Pour François Huguelet, membre de la direction de MPS, «femme ou homme, ce n’était pas l’important, mais il nous fallait quelqu’un de compétent et d’énergique pour reprendre les rênes de l’entreprise. Elle a rapidement redonné confiance au personnel.» Si Nicola Thibaudeau a su s’imposer dans le monde très masculin de la mécanique, c’est qu’elle a commencé très jeune à y diriger des équipes.

Au Canada, elle travaillait comme ingénieur de production chez IBM. La micromécanique de précision l’amènera logiquement en Suisse. «Pour IBM, je développais une machine avec Ismeca, à La Chaux-de-Fonds, pour fabriquer des systèmes d’électro-optique. J’ai passé plusieurs mois sur place pour mettre au point cette machine. J’ai tout de suite adoré la Suisse, les montagnes, les gens.»

L’efficacité de la Canadienne est remarquée par Philippe Jacopin, alors administrateur du groupe Cortaillod. «Elle avait un savoir-faire impressionnant. Et sa personnalité – son humour, son approche directe – contrastait dans le milieu des ingénieurs qui sont souvent introvertis. Sa puissance de tir est incroyable. Cela ne me posait aucun problème qu’elle soit une femme, même s’il n’y en avait aucune dans les directions d’entreprises de ce genre à l’époque. On a fait les démarches administratives pour pouvoir l’engager en Suisse. Nous sommes restés amis depuis.»

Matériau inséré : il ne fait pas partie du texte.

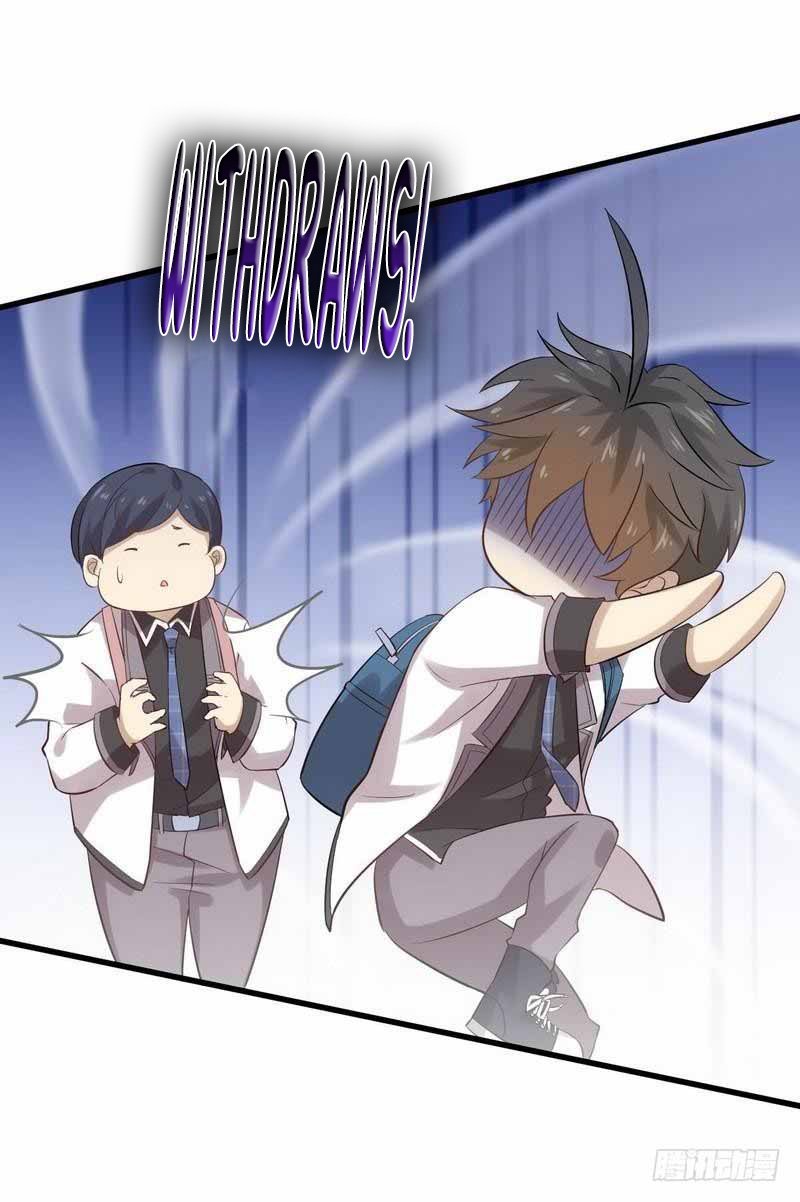 Immortal Swordsman In The Reverse World 9 2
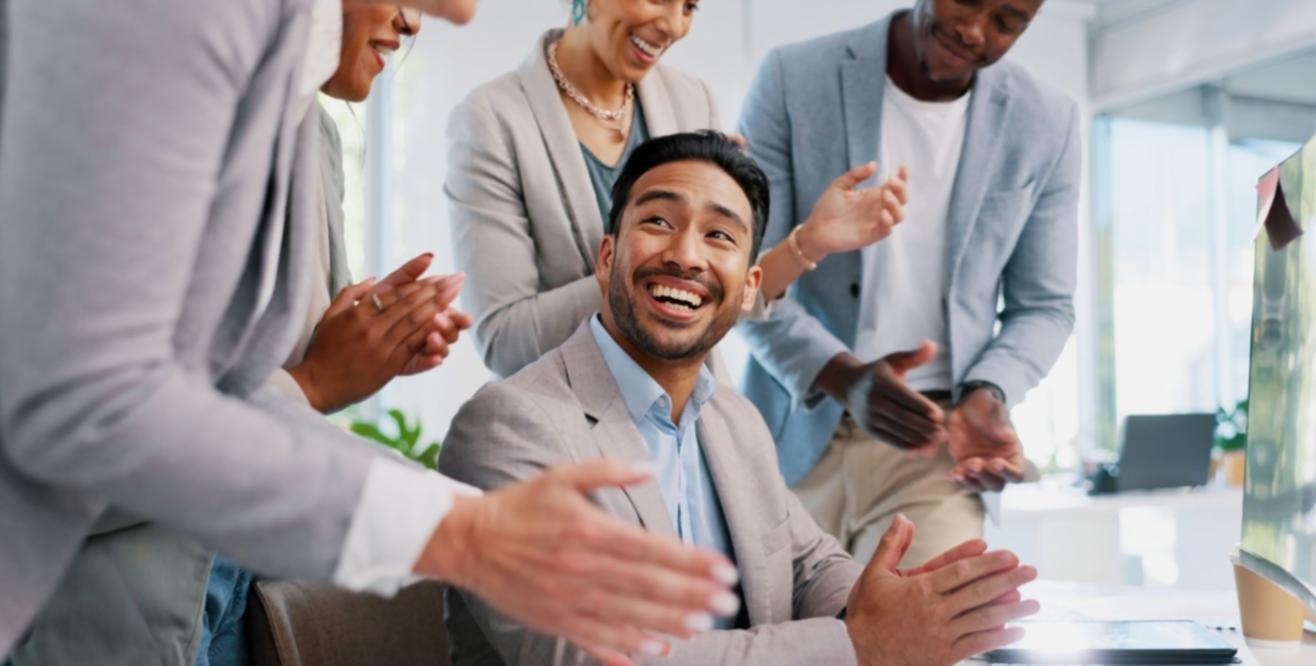 Ambiente de estudo online com foco em analytics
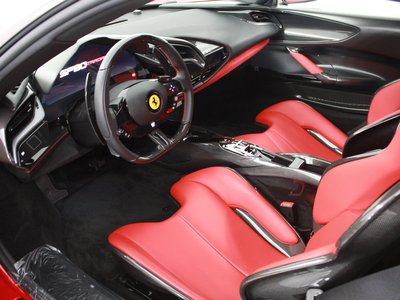 FERRARI SF90 STRADALE - 4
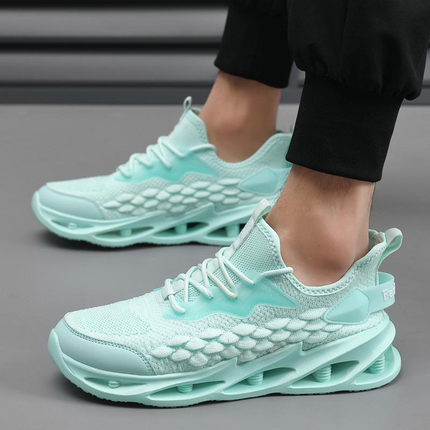Aerion Velocity Sneakers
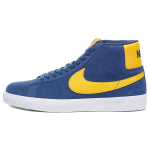 Nike Sb Zoom Blazer Mid Michigan 864349-402 38.5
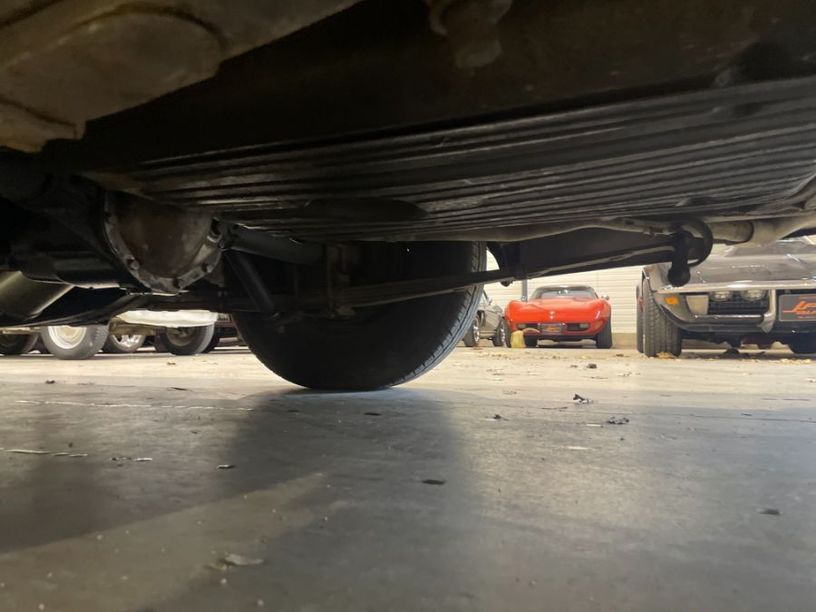 Occasion FORD THUNDERBIRD 1956 Vaucluse 84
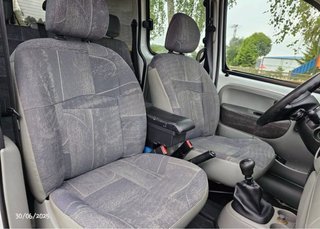 Renault Kangoo 2003
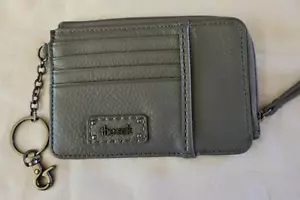 The Sax Green Credit Card - Wallet - Picture 1 of 12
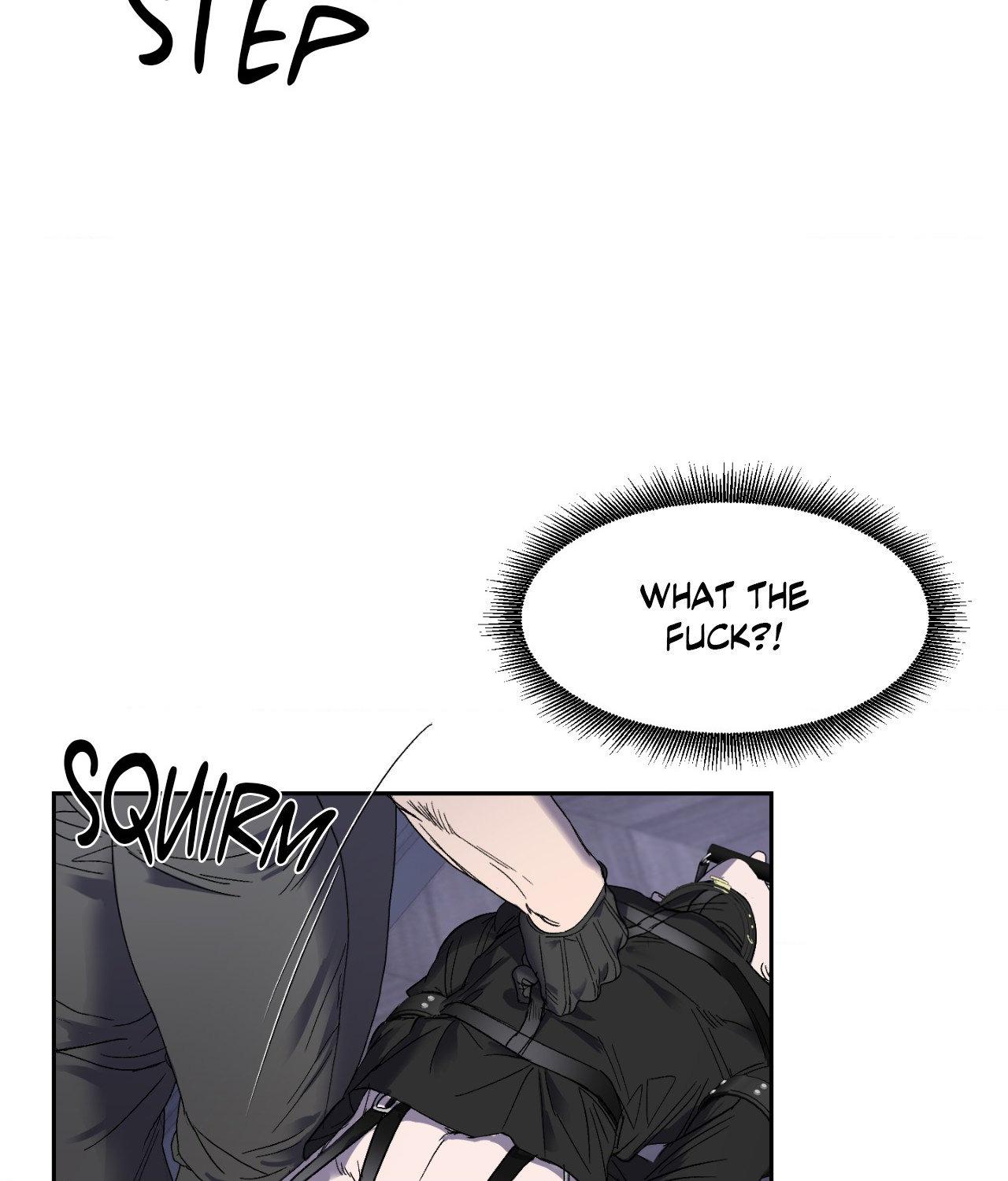 Read Ian’s Binding chapter 33.1 image 11 on Lezhin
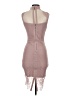 Venus Pink Cocktail Dress Size XS - photo 2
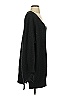 Intimately by Free People Black Pullover Sweater Size S - photo 4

«Je ne veux pas rater l’action» A 29 ans, Nicola Thibaudeau se retrouve directrice de l’usine Cicorel de La Chaux-de-Fonds. «Les gars ne trouvaient pas grave que je sois Québécoise, c’était mieux que si j’avais été une Neuchâteloise du bas!», dit-elle dans un éclat de rire. «Mes meilleurs amis ici sont encore aujourd’hui les gens que j’ai rencontrés juste après mon arrivée.»

Chaque matin, Nicola Thibaudeau saute dans son tram à l’aube. «Je me lève à 5 h 30 pour ne pas rater l’action.» Elle n’a pas encore quitté sa maison sur La Côte, qu’elle occupe avec son mari et ses deux enfants, mais s’apprête à acquérir une résidence sur plans près de Neuchâtel. «J’adore Neuchâtel et comme mon mari travaille dans la région lémanique et moi à Bienne, c’est à mi-chemin. On s’est connus au Tessin lors d’un cours de management. Il a été directeur d’hôpital, puis il a travaillé dans l’assurance. Mais il est dans l’horlogerie maintenant, un secteur plus proche du mien.»

Mecanex a été son grand coup de coeur. Une réussite qui lui a valu le Prix Veuve Cliquot de la femme d’affaires en 1997. «Quand je l’ai achetée avec mon associé Volker Gass en 1995, j’avais peu de sous: j’ai trouvé 500 000 francs et emprunté le reste à l’UBS…» En 2000, lorsqu’elle vend l’entreprise au groupe Ruag, le chiffre d’affaires atteint 8 millions. Cette aventure à la tête de l’entreprise vaudoise l’a «beaucoup enrichie», avoue-t-elle en riant. Elle n’en dira pas davantage. «On a déjà bien assez parlé de moi, non?»